### ACTION ITEM
From the line containing "MÓJ PIES. FAKT" down to the final line of the entries below, quote every line verbatim. Exclude pictures.
____
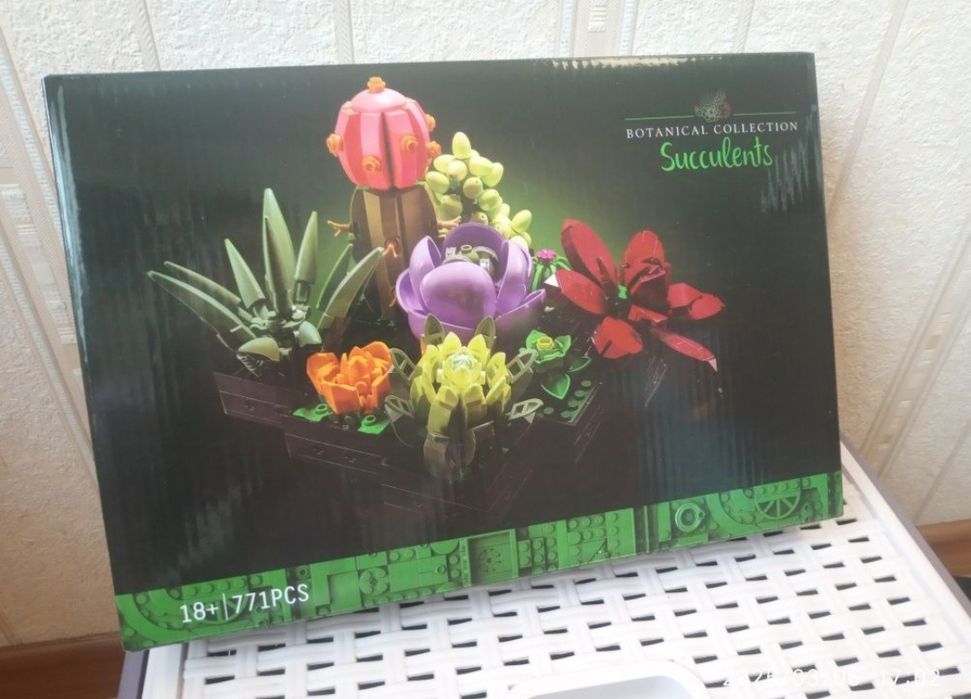 Конструктор суккуленты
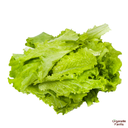 Lettuce-125 Gms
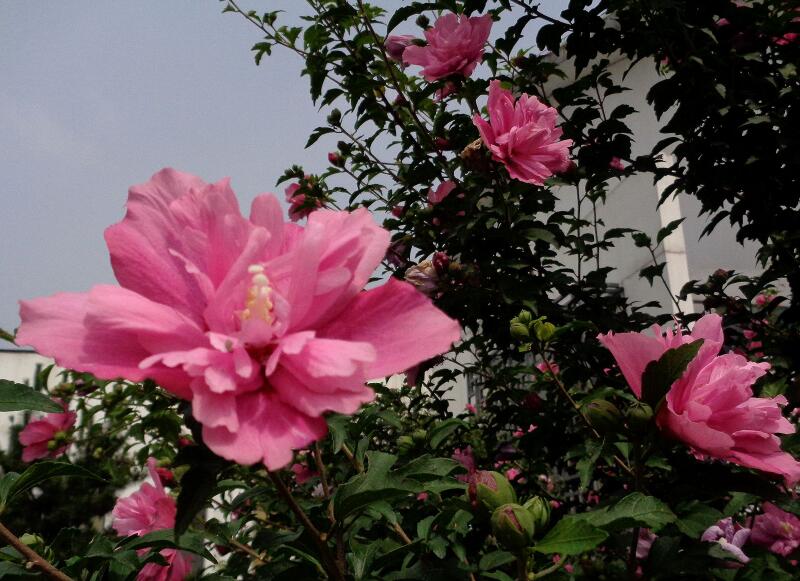 1644898456886147.jpg 1644898456886147.jpg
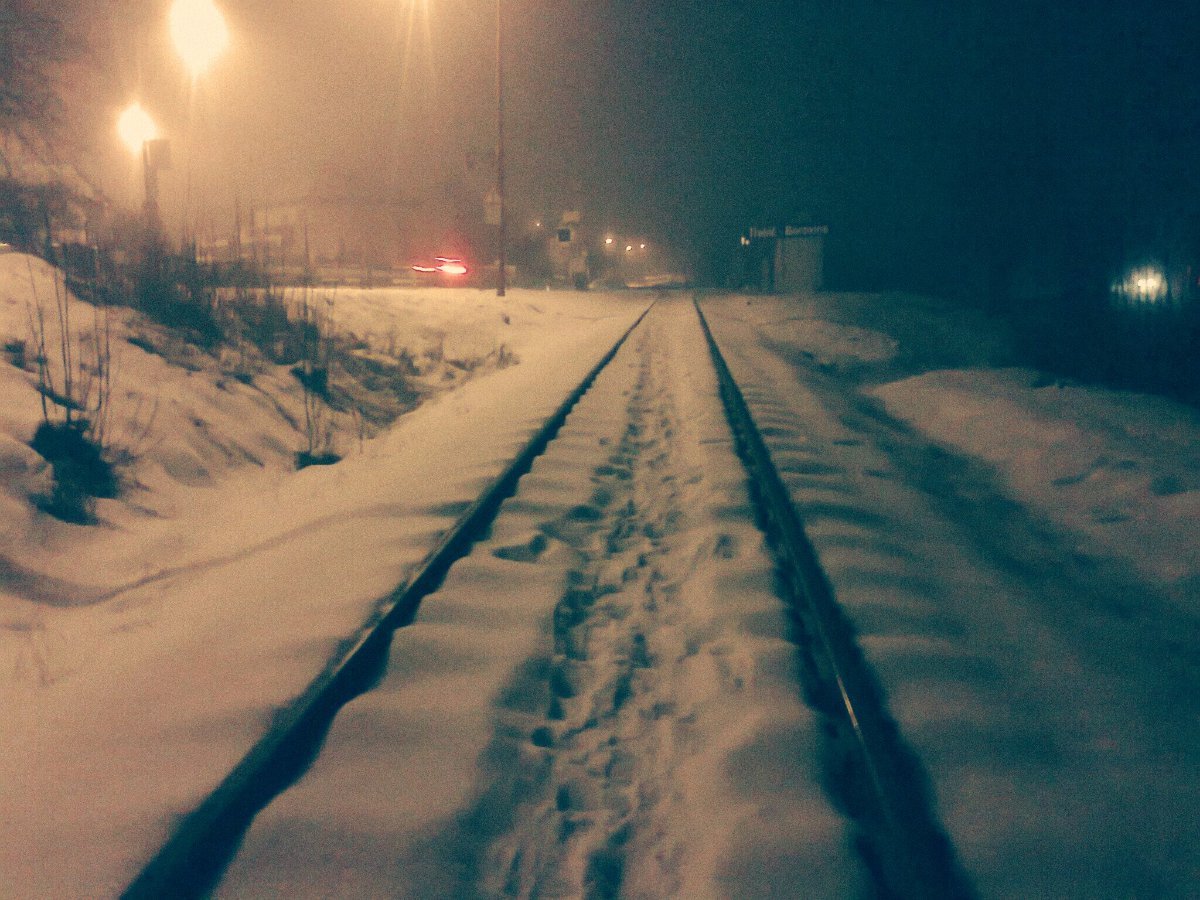 Borovina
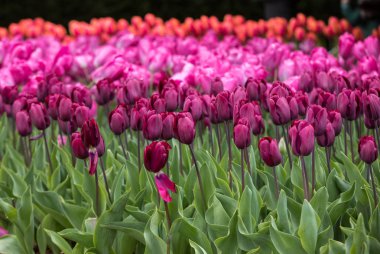 Bahçede açan renkli laleler.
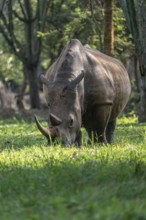 Southern white rhinoceros (Ceratotherium simum simum), Ziwa Rhino Sanctuary, Uganda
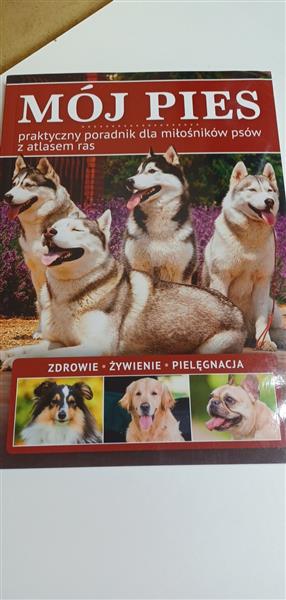 MÓJ PIES. FAKT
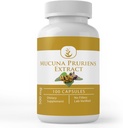 PURE ORIGINAL INGREDIENTES Mucuna Pruriens, (100 cápsulas) Siempre puro, sin aditivos ni artillería, Lab Verified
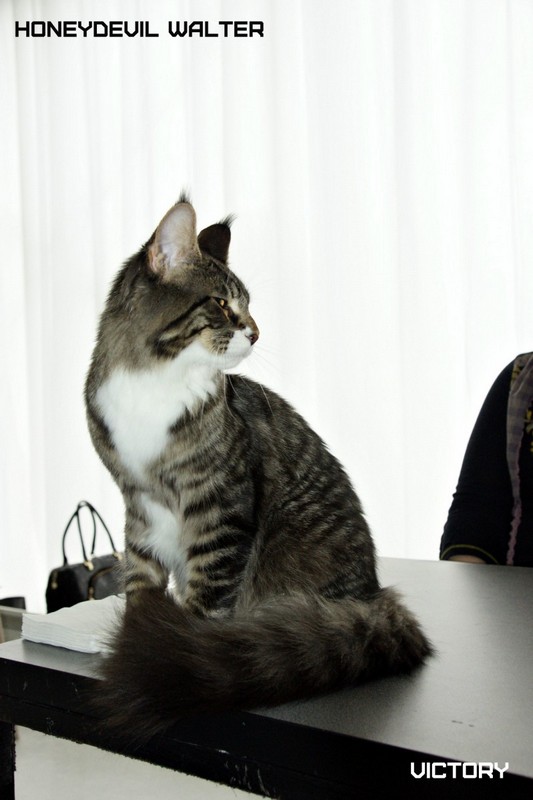 HoneyDevil Walter, Зимний Гла-Мурр -2015, VICTORY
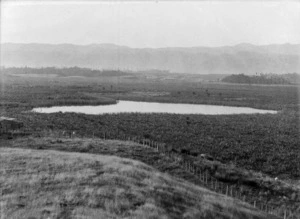 Flax swamp at Wai-kakariki lagoon near Levin
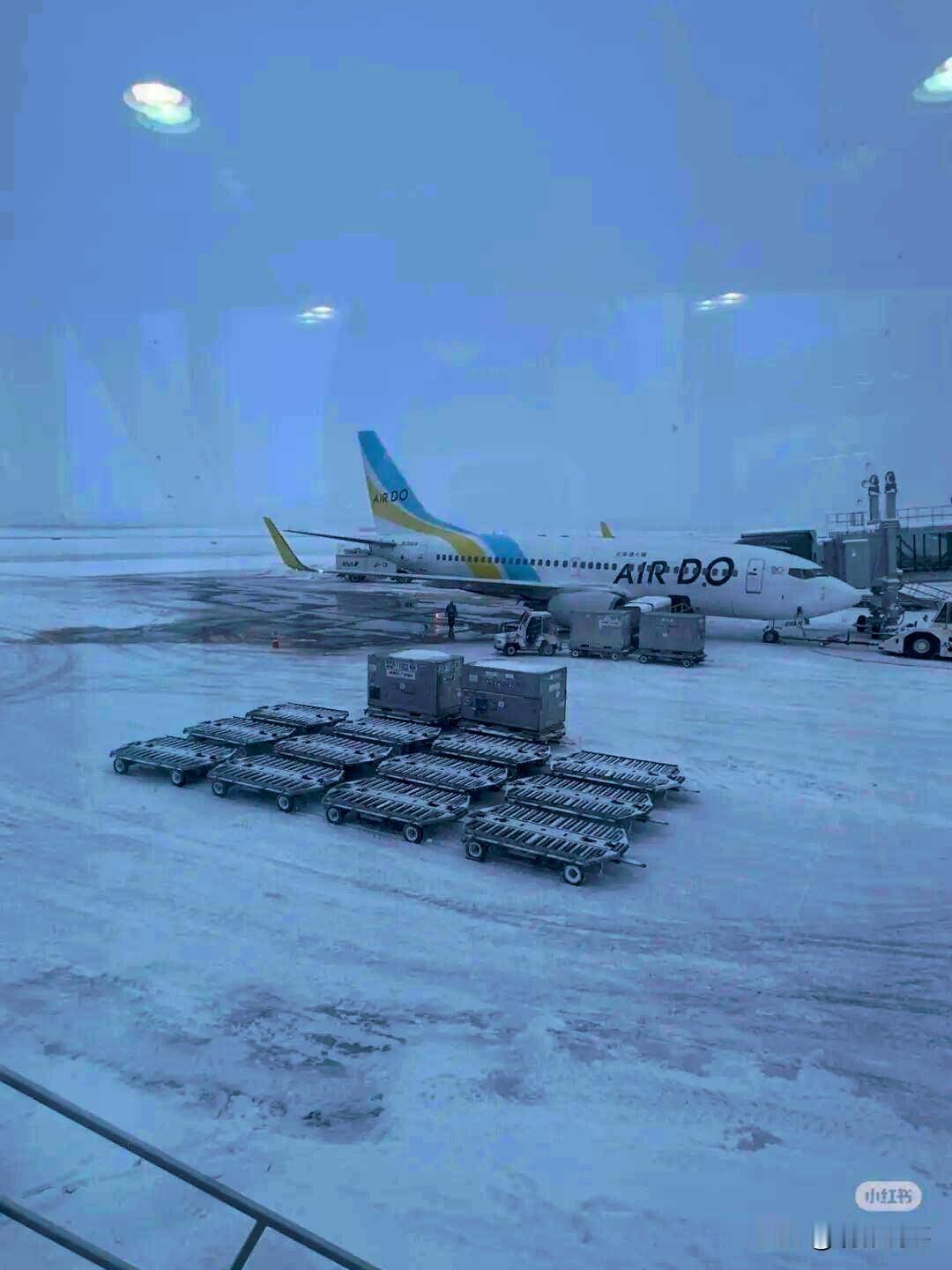 当地时间1月25日至26日，日本北海道新千岁机场遭遇创纪录的暴雪天气。受此影响，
____
### ANSWER FOR THIS EXERCISE
 MÓJ PIES. FAKT
 PURE ORIGINAL INGREDIENTES Mucuna Pruriens, (100 cápsulas) Siempre puro, sin aditivos ni artillería, Lab Verified
 HoneyDevil Walter, Зимний Гла-Мурр -2015, VICTORY
 Flax swamp at Wai-kakariki lagoon near Levin
 当地时间1月25日至26日，日本北海道新千岁机场遭遇创纪录的暴雪天气。受此影响，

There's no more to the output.